Conway’s Game of Life is by far the most popular and well-known cellular automaton. And for good reason; it’s immediately appealing and just begs to be played with. It is a great model context in which to research things like optimization and agency;

  • It’s deterministic, making experiments clean and replicable.

  • It’s discrete in both time and space, which is often easier to analyze and reason about.

  • The rules are intuitive and simple (unlike, say, the Standard Model).

  • The board can be finite or infinite, which can both be important contexts to analyze.

  • It has a concept of spacial dimensions and causal propagation, so the boards end up with object-like patterns, and a “speed of light”.

  • The system is Turing complete, which gives it the potential for profoundly complex and unpredictable behavior, despite the simple rules.

  • Any agents inside it are inherently “embedded”.

  • It’s really fun to play with! There are many website where you can click around and design your own Life animations. Lots of fascinating patterns have been found by people over the years. This can make it a little easier for a researcher to get through the day.

These properties do a good job at mimicking the real universe while being significantly more tractable.

But those who play with Life will notice some odd things about it that are not mimicked in the real world, especially if they’re familiar with physics;

  • There’s no obvious conversation laws, of either momentum or energy.

  • Objects often just disappear.

  • Structures are very brittle; most interactions between object-like things destroy both objects.

  • The rules are not reversible; two states can both evolve into the same state, meaning that you can’t “know” where you came from just by looking at the current state.

These properties are related, and specifically, I think that adopting a reversible rule gives you most of the other properties.
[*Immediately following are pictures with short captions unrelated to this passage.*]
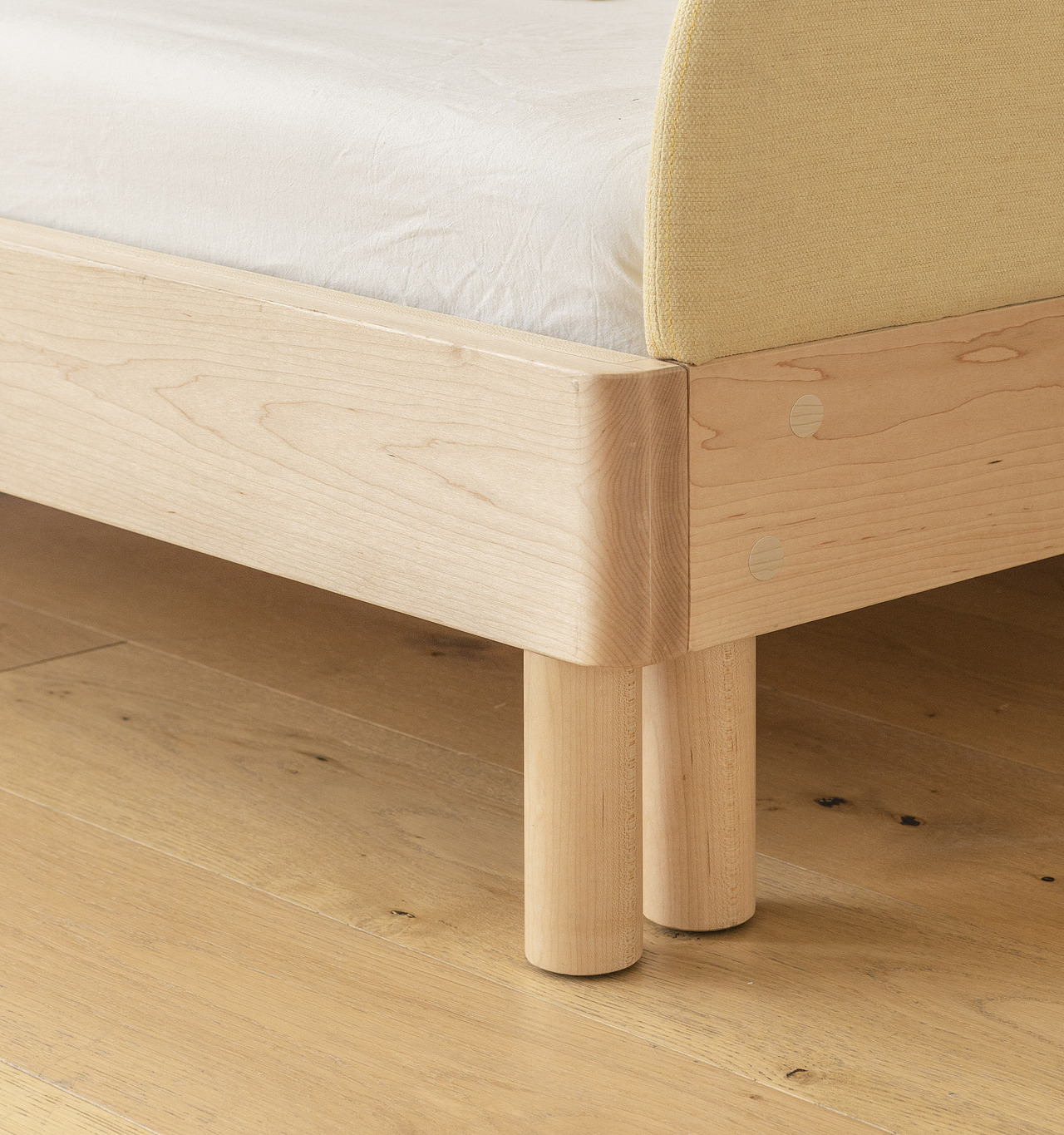 芝士温莎抽拉床一张可以从小用到大的魔法床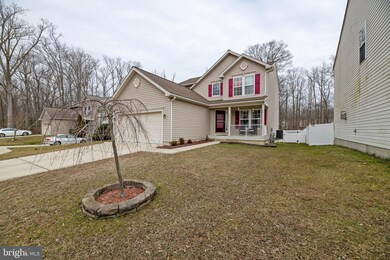 2815 Majesty Ln, Edgewood, MD 21040 - photo 2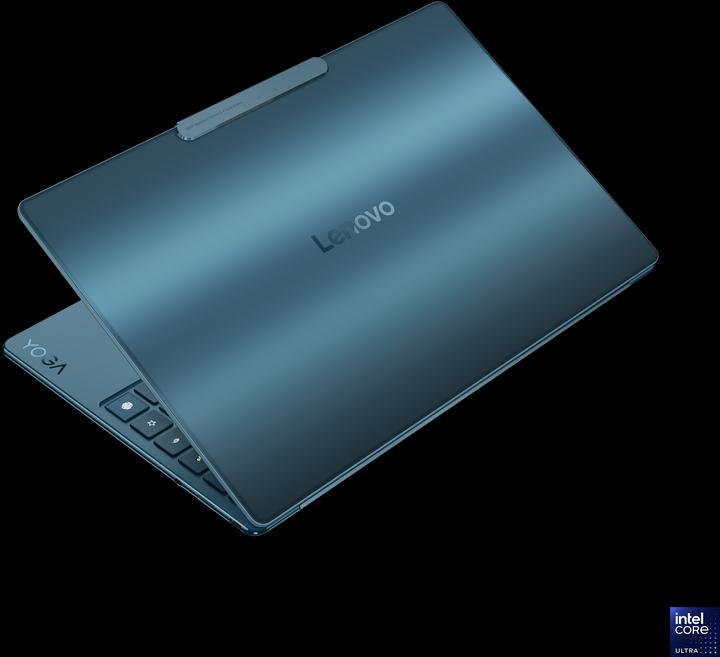 Actual product image Lenovo Yoga Slim 9 14ILL10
Because the rules are reversible, any evolution on a finite board must eventually loop back to its original state. This lets you prove interesting behavior relatively easily. For example, if two spaceships interact, at least some live pixels must eventually exit the region. If they didn’t, then that would imply that there was a finite board size around the interaction area which would not loop back to the original state. Note that this behavior about interactions carries over to infinite board sizes!

Some reversible rules attain robustness by having conservation of the number of live pixels. The structures won’t necessarily stay the same, but at least they won’t disappear entirely. (Here’s an example rule that does not conserve pixel count.)

Overall, I think it’s worth us doing more research with reversible rules because it appears that our universe has a reversible rule, at least to an extremely good approximation, and so this might lead to more relevant and accurate conclusions about how optimization and agency works in this universe.

I’ve seen three specific (interesting) reversible cellular automata so far, which are Critters, the billiard ball computer, and the Single Rotation Rule.

Critters has an equilbrium state of static-ish areas with gliders constantly migrating between them.
A wide variety of spaceships available in the Single Rotation Rule.

I don’t want to nerd snipe alignment researchers, but it might be worth playing around with some of these other automata to see if they are a worthwhile tool. Golly, one of the most developed and widely used cellular automata development platforms, has facilities for defining your own automata rules (and lists Critters on its rules help page). This site is also a very flexible automata simulator, specifically designed for reversible rules. For more discussion, I found this paper (by one of Critter’s creators) very accessible, and also enjoyed this blog post.